Investimenti stellari

Stamperia, Kadett, orologi. Maurizio Marinella: "Mi considero un 'animale' da bancone"

A capo della Maison che ha "esportato" le cravatte Made in Naples in tutto il mondo, l’imprenditore parla del suo rapporto con il denaro, la finanza e lo shopping

Maurizio Marinella
Maurizio Marinella

Presidenti della Repubblica italiani, francesi e americani. Re Carlo d’Inghilterra ma anche Visconti, De Filippo, Mastroianni, De Sica, Totò.

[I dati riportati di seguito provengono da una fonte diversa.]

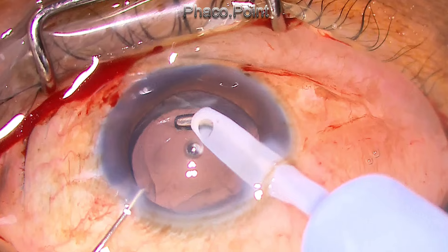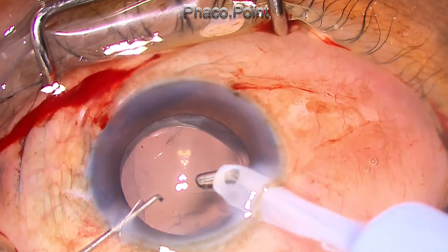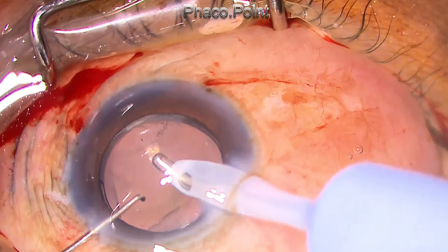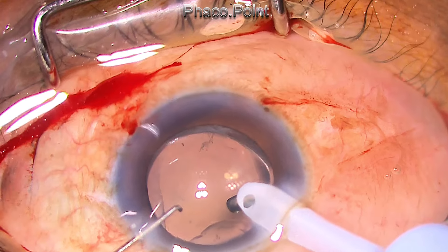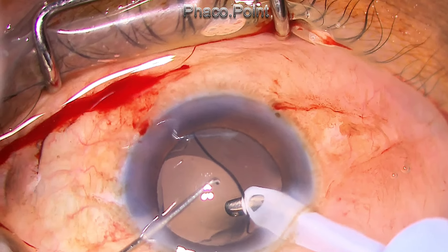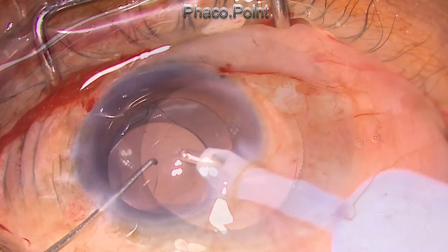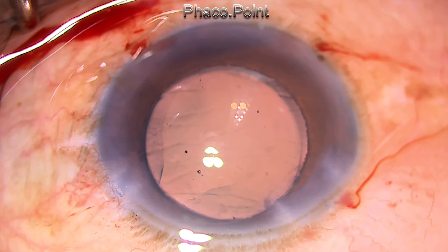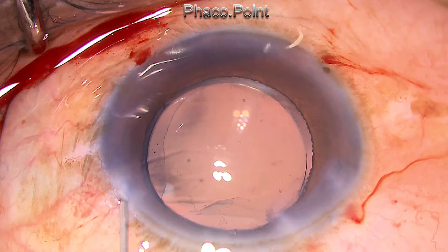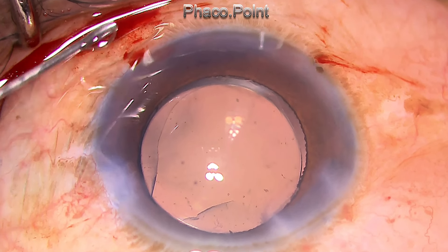You can see that the entire lens is beautifully sitting in the capsular bag. Of course, there is a single point of rhexis runoff. In the future, there could be some amount of capsular fibrosis, and there may be mild decentration of the lens. However, the EDOF lenses, especially ones like the Lucidus which utilize induced spherical aberrations to create depth of focus, will tolerate mild decentration as well. The case is concluded and the day is saved. Thank you very much for your attention.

Tutti personaggi uniti da un pregiatissimo filo di seta, fermato da un raffinato nodo sotto la gola: quello delle cravatte E.Marinella. Lo storico brand Made in Naples, che dal lontano 1914 produce prevalentemente camicie e cravatte in seta, vanta oggi store a Milano, Londra, Tokio. E proprio a Milano, nel negozio di via Manzoni incontriamo Maurizio Marinella, amministratore unico della Maison, terza generazione alla guida dell’azienda dopo il nonno Eugenio e il padre Luigi, cui si è aggiunto da qualche anno anche il figlio Alessandro, per parlare de suo rapporto con il denaro e gli investimenti.

Come inizia la sua giornata?

“Noi apriamo il negozio di Napoli la mattina alle 6:30, seguendo un’antica tradizione e io, di solito verso le 7:15, dopo cornetto e cappuccino, leggo i principali quotidiani per tenermi aggiornato anche sui temi d'attualità e di economia”.

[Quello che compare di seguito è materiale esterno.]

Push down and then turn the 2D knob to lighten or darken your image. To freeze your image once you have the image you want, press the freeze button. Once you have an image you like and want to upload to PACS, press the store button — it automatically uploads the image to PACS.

Temi che non le sono estranei, visto che è laureato in Economia e commmercio.

"Io sono stato messo al mondo per continuare l'attività di famiglia (sorride nda), sono in negozio dall’età di otto anni e mezzo, e da allora tutta la mia vita l’ho passata lì. Però mi sono laureato in Economia e commercio, ci ho messo più tempo dei miei compagni, ma io studiavo e lavoravo".

Si occupa direttamente delle questioni finanziarie, o si affida a collaboratori di fiducia?

"Abbiamo una serie di collaboratori di fiducia, un team di commercialisti che ci affianca e con cui, naturalmente, ci interfacciamo. Io però mi considero più un “animale da bancone”, mi piace conoscere i clienti, anche perché ho avuto un insegnamento importante da mio nonno prima e da mio padre poi, per cui si riconosceva il cliente, lo si accoglieva, lo si “coccolava”, e continuo a svolgere così questo lavoro, anche se devo dire che il mondo della finanza mi ha sempre affascinato".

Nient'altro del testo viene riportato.